▶ _DATA BELOW_
++++++++

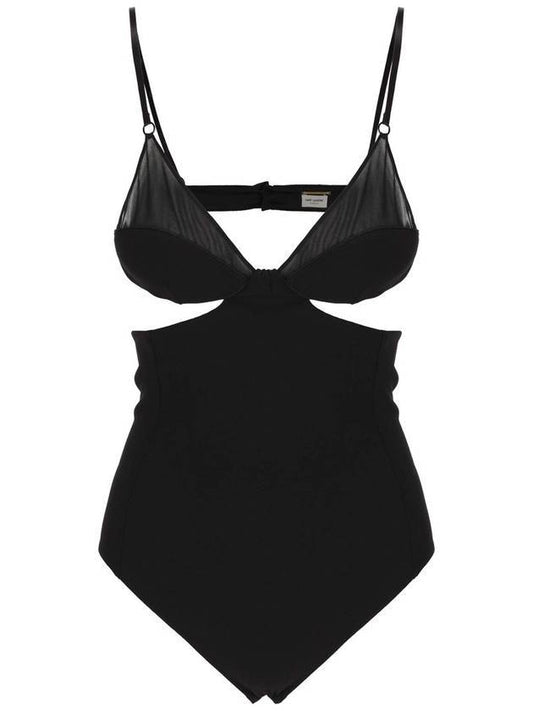 YSL Saint Laurent Saint Laurent Trending Cut Out Body Suit Black Travel Bag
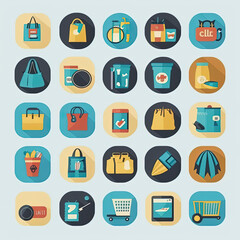 flat icons set shopping mall vector illustrations , generative artificial intelligence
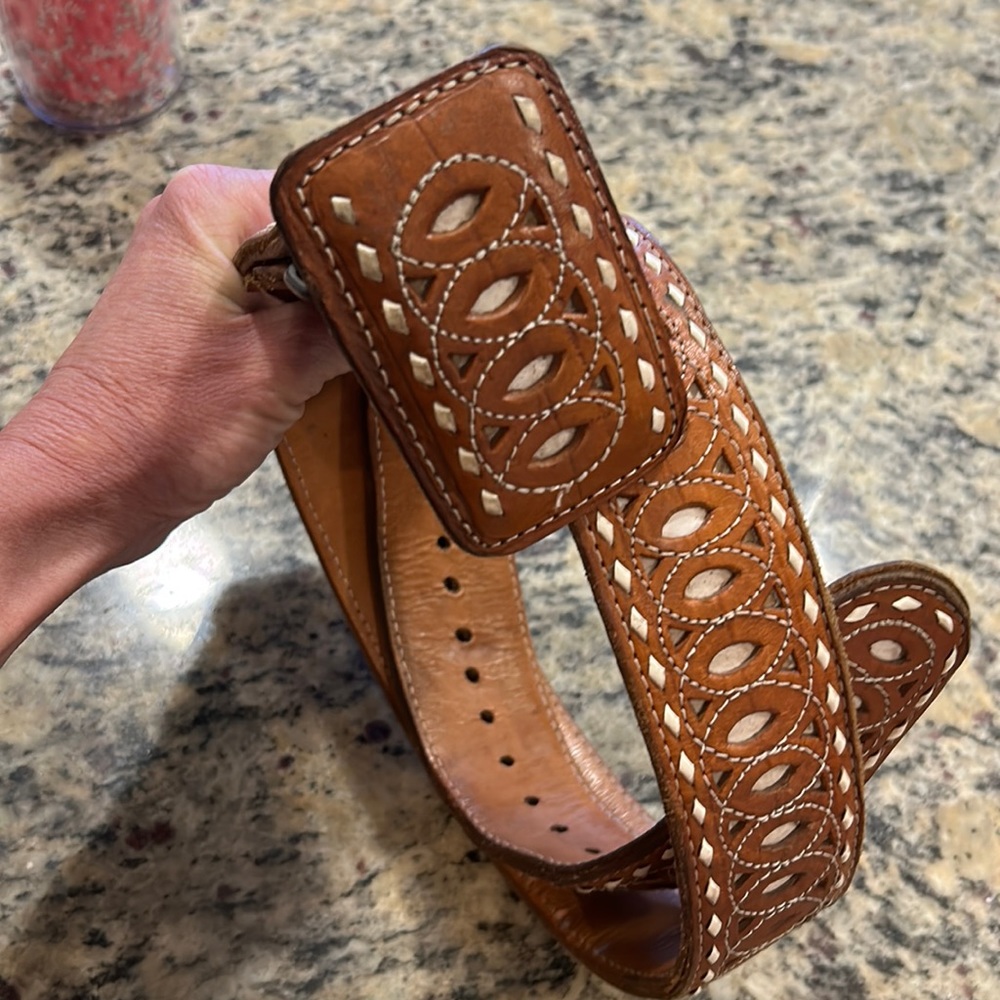 Handmade leather belt in excellent condition
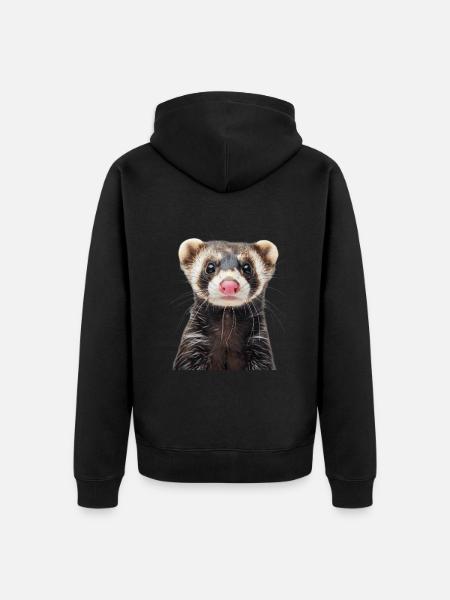 Frettchen - Unisex Premium Bio Zip Hoodie - Schwarz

++++++++

Could you print the data exactly as it appears and keep the pictures out?

 YSL Saint Laurent Saint Laurent Trending Cut Out Body Suit Black Travel Bag
 flat icons set shopping mall vector illustrations , generative artificial intelligence
 Handmade leather belt in excellent condition
 Frettchen - Unisex Premium Bio Zip Hoodie - Schwarz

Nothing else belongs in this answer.